RECORDS PROVIDED =
- - - - -
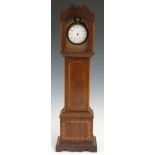 A 19thC watch holder in the form of a longcase clock, 33cm tall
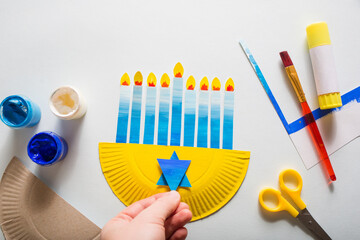 paper craft for kids. girl makes diy hanukkah candle holder. create art for children.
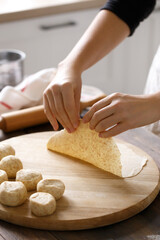 Female hands in the process of cooking homemade flatbreads - 395925757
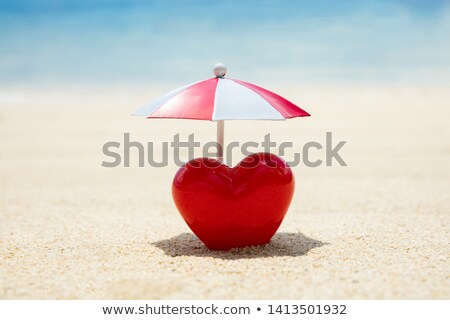 Stok fotoğraf: Red Painted Heart Under The Umbrella On Sand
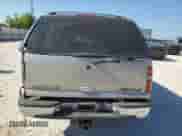 2000 Chevrolet Suburban LT with VIN 3GNFK16T7YG202151, listed as a Copart auction lot 60194814 with Not provided miles and Salvage title. Bid and sale history available at DreamBid. Image 6.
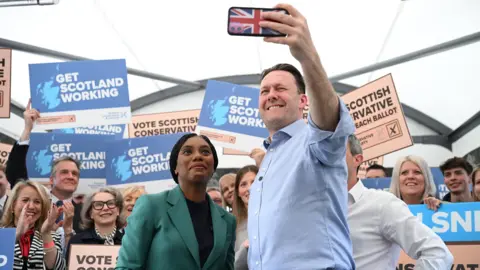 PA Media Russell Findlay takes a selfie with Kemi Badenoch at a campaign event. There are activists behind them holding posters.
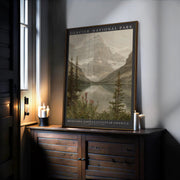 A Glacier National Park Print – Vintage Mountain Valley Scene | Framed Nature Art sits on a dark wooden cabinet near candles and a window, displaying mountains, lake, and trees with “Montana, United States of America” below.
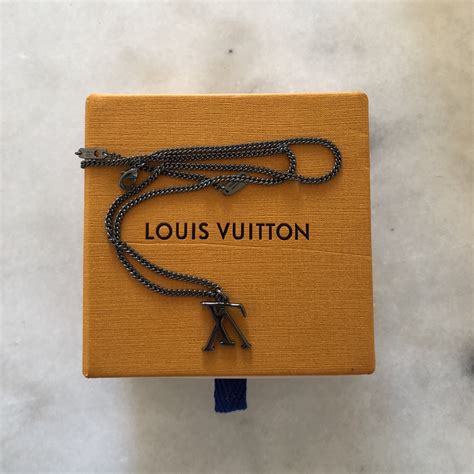 louis vuitton upside down necklace replica|Louis Vuitton wallet false.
- - - - -
WHAT YOU WILL DO =
Write out an exact reproduction of the lines from the line that holds "2000 Chevrolet Suburban" to the bottom of the listing above, both ends included. Exclude pictures.

TASK RESPONSE =
 2000 Chevrolet Suburban LT with VIN 3GNFK16T7YG202151, listed as a Copart auction lot 60194814 with Not provided miles and Salvage title. Bid and sale history available at DreamBid. Image 6.
 PA Media Russell Findlay takes a selfie with Kemi Badenoch at a campaign event. There are activists behind them holding posters.
 A Glacier National Park Print – Vintage Mountain Valley Scene | Framed Nature Art sits on a dark wooden cabinet near candles and a window, displaying mountains, lake, and trees with “Montana, United States of America” below.
 louis vuitton upside down necklace replica|Louis Vuitton wallet false.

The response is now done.